## EXERCISE GOAL
Copy every entry exactly as it stands, though any image it holds should stay out of the copy.

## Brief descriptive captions
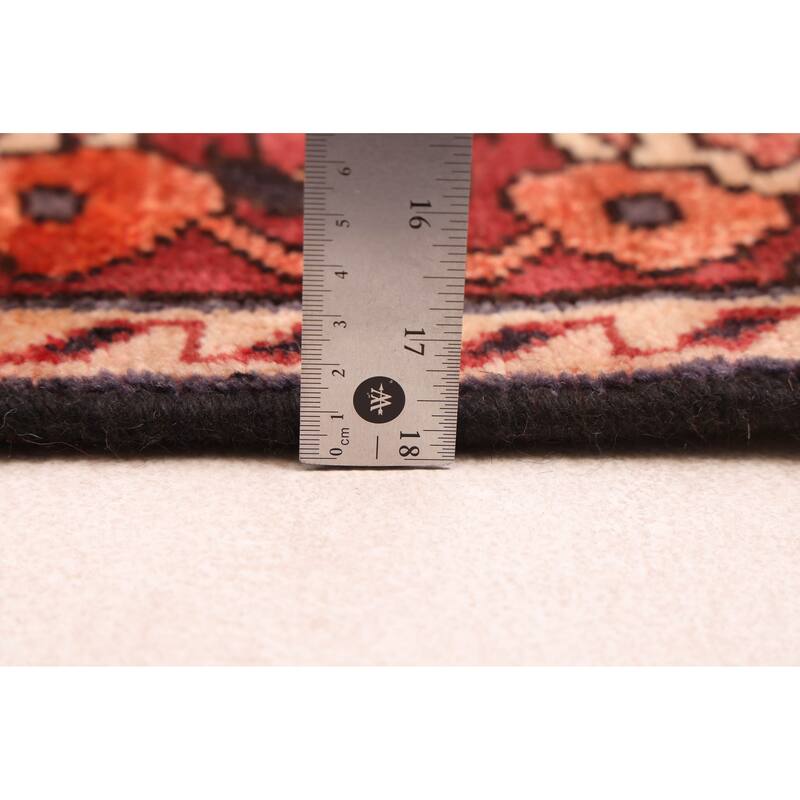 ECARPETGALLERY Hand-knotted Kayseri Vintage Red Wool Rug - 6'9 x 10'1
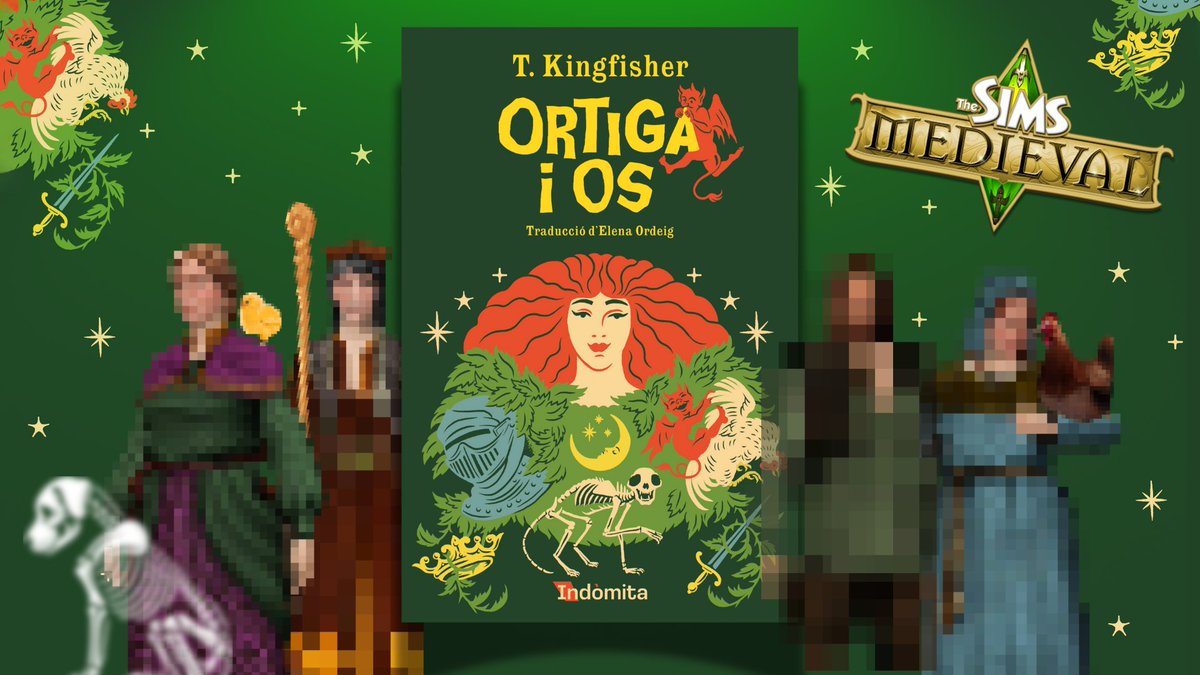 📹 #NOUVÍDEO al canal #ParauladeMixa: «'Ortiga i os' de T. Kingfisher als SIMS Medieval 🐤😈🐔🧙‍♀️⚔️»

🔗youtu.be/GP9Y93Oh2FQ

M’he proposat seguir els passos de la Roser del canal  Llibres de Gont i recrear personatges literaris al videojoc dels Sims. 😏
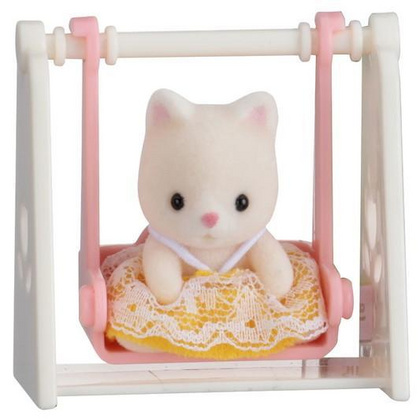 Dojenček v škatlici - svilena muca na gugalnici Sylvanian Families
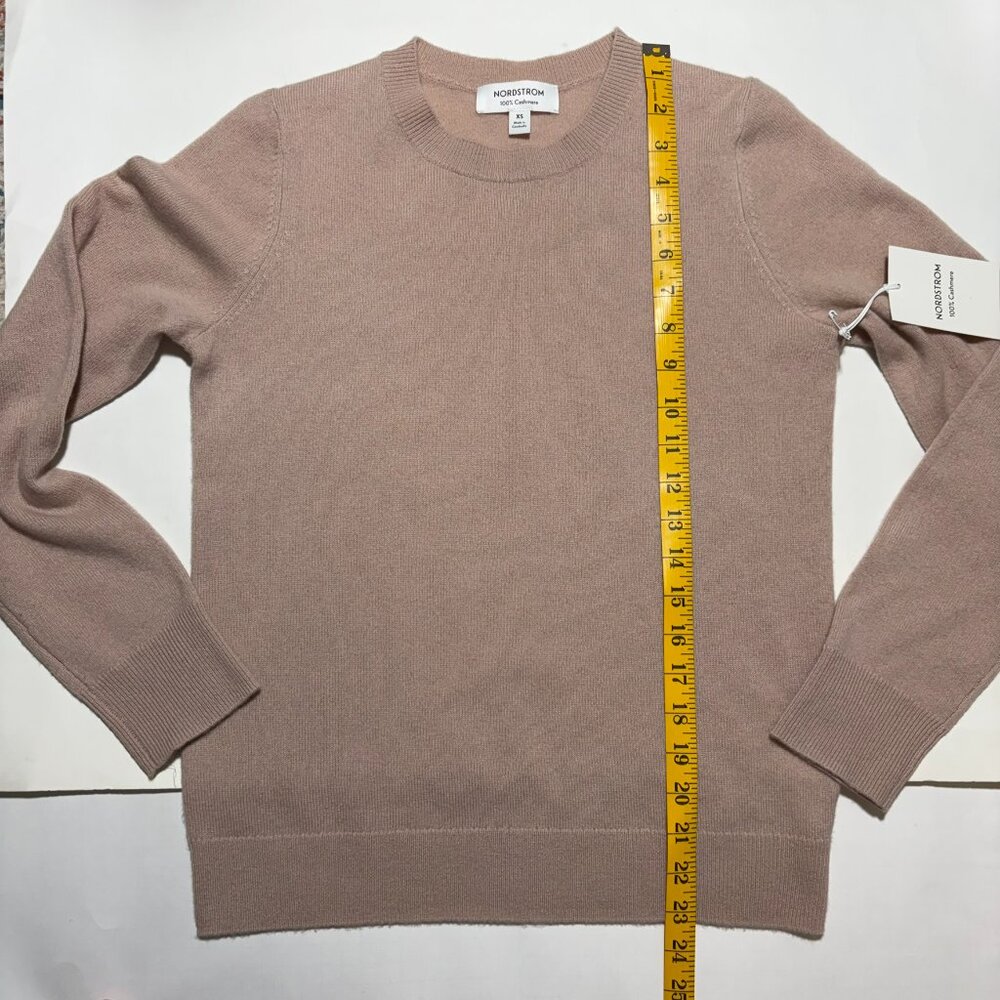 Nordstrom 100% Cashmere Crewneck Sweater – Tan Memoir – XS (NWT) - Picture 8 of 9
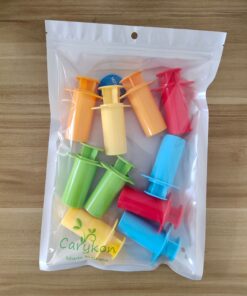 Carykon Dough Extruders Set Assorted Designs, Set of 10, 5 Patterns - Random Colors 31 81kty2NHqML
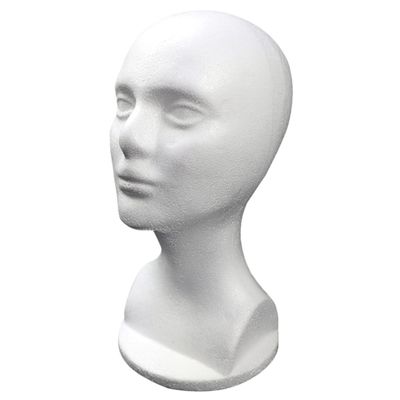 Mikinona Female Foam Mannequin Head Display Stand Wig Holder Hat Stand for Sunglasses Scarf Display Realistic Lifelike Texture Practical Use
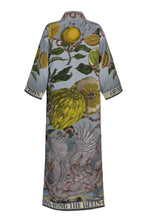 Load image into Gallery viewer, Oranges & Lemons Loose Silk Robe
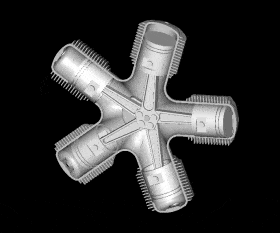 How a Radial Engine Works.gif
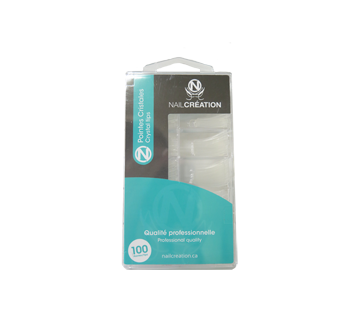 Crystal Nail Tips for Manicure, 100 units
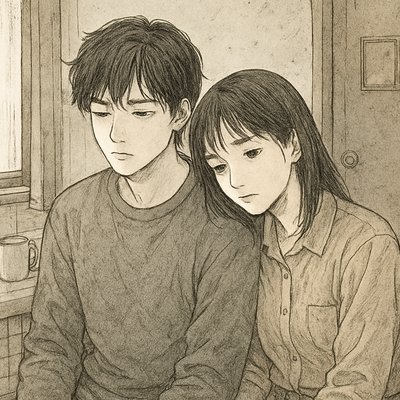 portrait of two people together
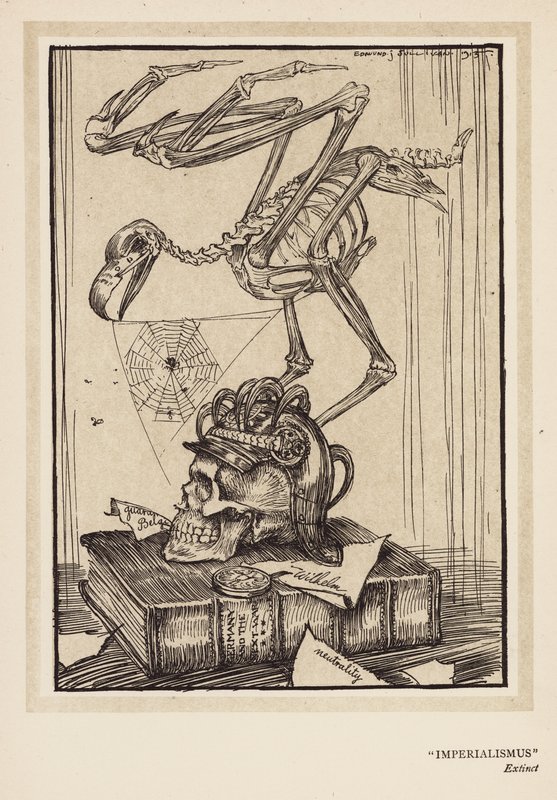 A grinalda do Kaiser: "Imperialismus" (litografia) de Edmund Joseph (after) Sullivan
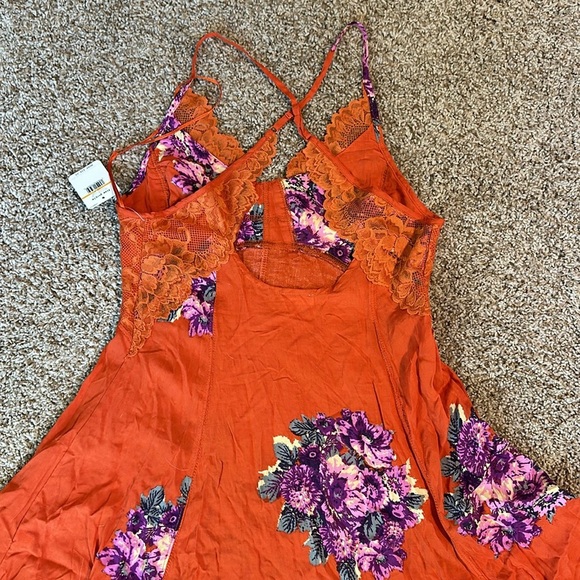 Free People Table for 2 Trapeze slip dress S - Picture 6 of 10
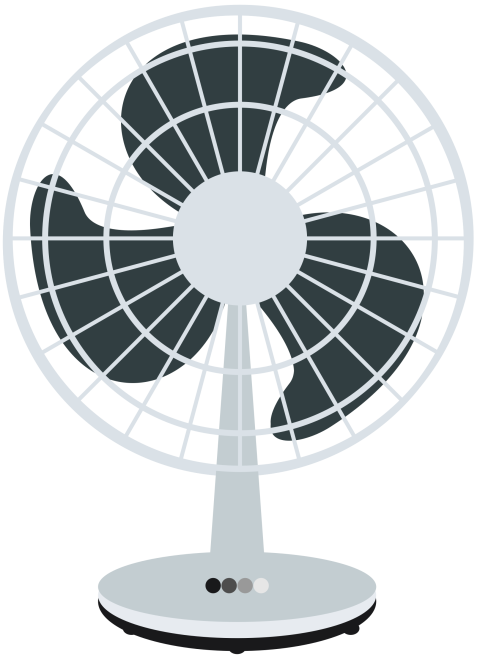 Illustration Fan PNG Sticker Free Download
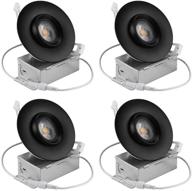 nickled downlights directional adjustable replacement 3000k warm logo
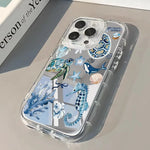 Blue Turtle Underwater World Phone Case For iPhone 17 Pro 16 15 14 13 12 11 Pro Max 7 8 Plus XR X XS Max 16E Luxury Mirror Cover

## RESPONSE TO THIS TASK
 ECARPETGALLERY Hand-knotted Kayseri Vintage Red Wool Rug - 6'9 x 10'1
 📹 #NOUVÍDEO al canal #ParauladeMixa: «'Ortiga i os' de T. Kingfisher als SIMS Medieval 🐤😈🐔🧙‍♀️⚔️»

🔗youtu.be/GP9Y93Oh2FQ

M’he proposat seguir els passos de la Roser del canal  Llibres de Gont i recrear personatges literaris al videojoc dels Sims. 😏
 Dojenček v škatlici - svilena muca na gugalnici Sylvanian Families
 Nordstrom 100% Cashmere Crewneck Sweater – Tan Memoir – XS (NWT) - Picture 8 of 9
 Carykon Dough Extruders Set Assorted Designs, Set of 10, 5 Patterns - Random Colors 31 81kty2NHqML
 Mikinona Female Foam Mannequin Head Display Stand Wig Holder Hat Stand for Sunglasses Scarf Display Realistic Lifelike Texture Practical Use
 Load image into Gallery viewer, Oranges & Lemons Loose Silk Robe
 How a Radial Engine Works.gif
 Crystal Nail Tips for Manicure, 100 units
 portrait of two people together
 A grinalda do Kaiser: "Imperialismus" (litografia) de Edmund Joseph (after) Sullivan
 Free People Table for 2 Trapeze slip dress S - Picture 6 of 10
 Illustration Fan PNG Sticker Free Download
 nickled downlights directional adjustable replacement 3000k warm logo
 Blue Turtle Underwater World Phone Case For iPhone 17 Pro 16 15 14 13 12 11 Pro Max 7 8 Plus XR X XS Max 16E Luxury Mirror Cover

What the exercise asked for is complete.